(Les Echos) – Deux ans après l’arrivée au pouvoir d’Alassane Ouattara, la reprise de l’économie ivoirienne donne des signaux contradictoires : la croissance flambe, mais la réconciliation nationale patine et la population peine encore à en bénéficier.
Par Daniel Bastien
Est-ce un signe ? Les avions Paris-Abidjan sont pleins. Malgré la toute nouvelle concurrence de Corsair, Air France, qui vient déjà de porter en avril de 7 à 10 le nombre de ses vols hebdomadaires vers la Côte d’Ivoire, y mettra en service en 2014 son plus gros-porteur, l’Airbus A380. Dans le centre de la capitale ivoirienne, ce petit Manhattan africain défraîchi par quinze ans de crises, les travaux de voirie et de rénovation congestionnent aujourd’hui la circulation avec une belle régularité, les hôtels débordent d’hommes affairés, parlant toutes les langues. Alors que le président ivoirien fête aujourd’hui le deuxième anniversaire de son arrivée compliquée au pouvoir, après une sanglante guerre civile post-électorale, ces témoins d’une singulière activité font écho à d’autres signaux. La Côte d’Ivoire tournerait la page de plus d’une décennie de parenthèse économique : Alassane Ouattara a d’abord promis d’en faire un « pays émergent à l’horizon 2020 »; le 7 janvier dernier, la directrice générale du FMI, Christine Lagarde, déclarait sur les bords de la lagune Ebrié que « l’heure d’un deuxième miracle ivoirien est venue » ; fin mars, le Fonds révisait à la hausse la croissance économique du pays, à un rythme « chinois » de + 9,8 % et prévoit près de 9 % cette année ; le 11 avril, le Premier ministre, Daniel Kablan Duncan, assurait enfin que le pays allait devenir un « petit Dubaï »…
A l’évidence, on n’en est pas encore là. La Côte d’Ivoire est sous l’assistance internationale de l’initiative PPTE (pays pauvre très endetté), 168e – sur 186 – dans l’indicateur de développement humain du PNUD et 50 % de sa population est pauvre. Et pourtant… A Abidjan, deux ans après la « normalisation » politique, une frustration est palpable : le décalage est grand entre l’étendue des « possibles » du pays et une fragilité dont témoignent les casquettes jaunes des services de sécurité, toujours plantés devant les administrations, les sociétés ou les hôtels. « On sent un plafond de verre », résume Alexandre Vilgrain, président du groupe agroalimentaire Somdiaa et du CIAN (Conseil français des investisseurs en Afrique). Entre espoir et déception, la Côte d’Ivoire est dans un complexe entre-deux.
S’il n’y a pas encore de miracle, on se réjouit au moins d’une bonne surprise.
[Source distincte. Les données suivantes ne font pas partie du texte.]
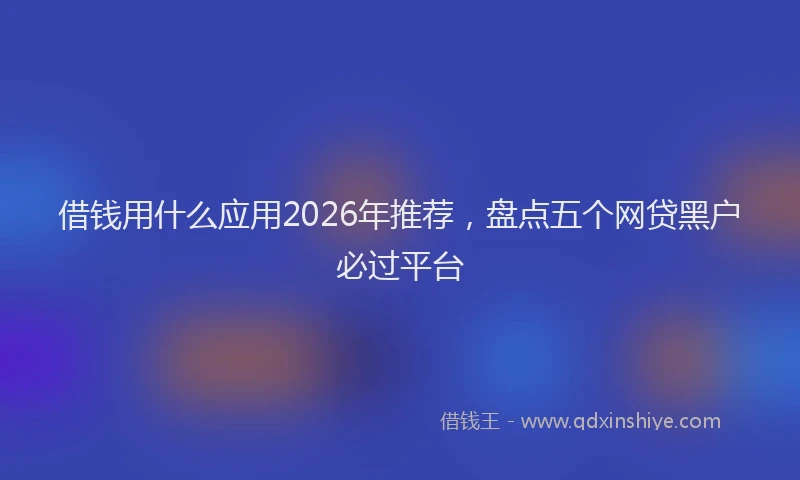 借钱用什么应用2026年推荐,盘点五个网贷黑户必过平台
Les dégradations, les destructions, les exactions et l’absence d’Etat pendant toutes ces années n’ont pas abattu le pays. « On s’est rendu compte que la Côte d’Ivoire avait des racines solides, qui lui ont permis non seulement de ne pas sombrer, mais même de rebondir aujourd’hui », estime Jean Kakou Diagou, président du groupe de bancassurance NSIA et patron des patrons ivoiriens. Les Ivoiriens ont fait preuve d’une formidable résilience pendant la crise, s’organisant pour survivre, continuant à produire et à exporter pétrole, cacao et café, se lançant même dans de nouvelles cultures. « Ils ont en eux la mémoire du décollage économique de l’époque Houphouët-Boigny, quand la Côte d’Ivoire devançait la Corée du Sud », estime un vieux routier du pays.
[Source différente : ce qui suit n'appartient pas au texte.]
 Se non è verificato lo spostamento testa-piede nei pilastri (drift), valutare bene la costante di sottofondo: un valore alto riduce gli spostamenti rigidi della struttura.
L’exceptionnel potentiel du « moteur économique de l’Afrique de l’Ouest » est toujours là. « La Côte d’Ivoire a tout, et même ce que n’ont pas les autres », dit-on à longueur de temps. De riches cultures, c’est connu; des infrastructures (de l’électricité, ce « préalable au business », notamment, et le deuxième port d’Afrique après Durban) ; et de l’intelligence, avec des universités qui ont traditionnellement essaimé dans toute la région. S’y ajoutent désormais des nouveautés constituant autant de leviers pour une belle émergence. Aujourd’hui, c’est la « folie » du palmier à huile, de l’hévéa, du riz (dans lequel le groupe Dreyfus a beaucoup investi) et de l’anacarde (noix de cajou), une toute nouvelle filière lancée par le groupe singapourien Olam et dont la Côte d’Ivoire est déjà le deuxième producteur au monde. C’est aussi le pétrole et le gaz (Total a fait fin avril de nouvelles découvertes prometteuses) ou encore les minerais, jusqu’ici curieusement peu exploités : or (un tiers du potentiel aurifère de la région), manganèse (il y en a « un peu partout »), fer (de nombreux gisements à l’ouest du pays), nickel (de grosses réserves), bauxite, argent, cuivre, chrome et aussi terres rares. « D’ici à quatre ans, on connaîtra de beaux jours ; ce sera le grand boum sur tous les métaux », assure Kadio Kouamé, directeur général de la Sodemi (Société pour le développement minier de la Côte d’Ivoire), « et une mine, c’est de 1.000 à 5.000 emplois directs et indirects ». Un pays de cocagne à la Houphouët « new look » ne semble pas très loin…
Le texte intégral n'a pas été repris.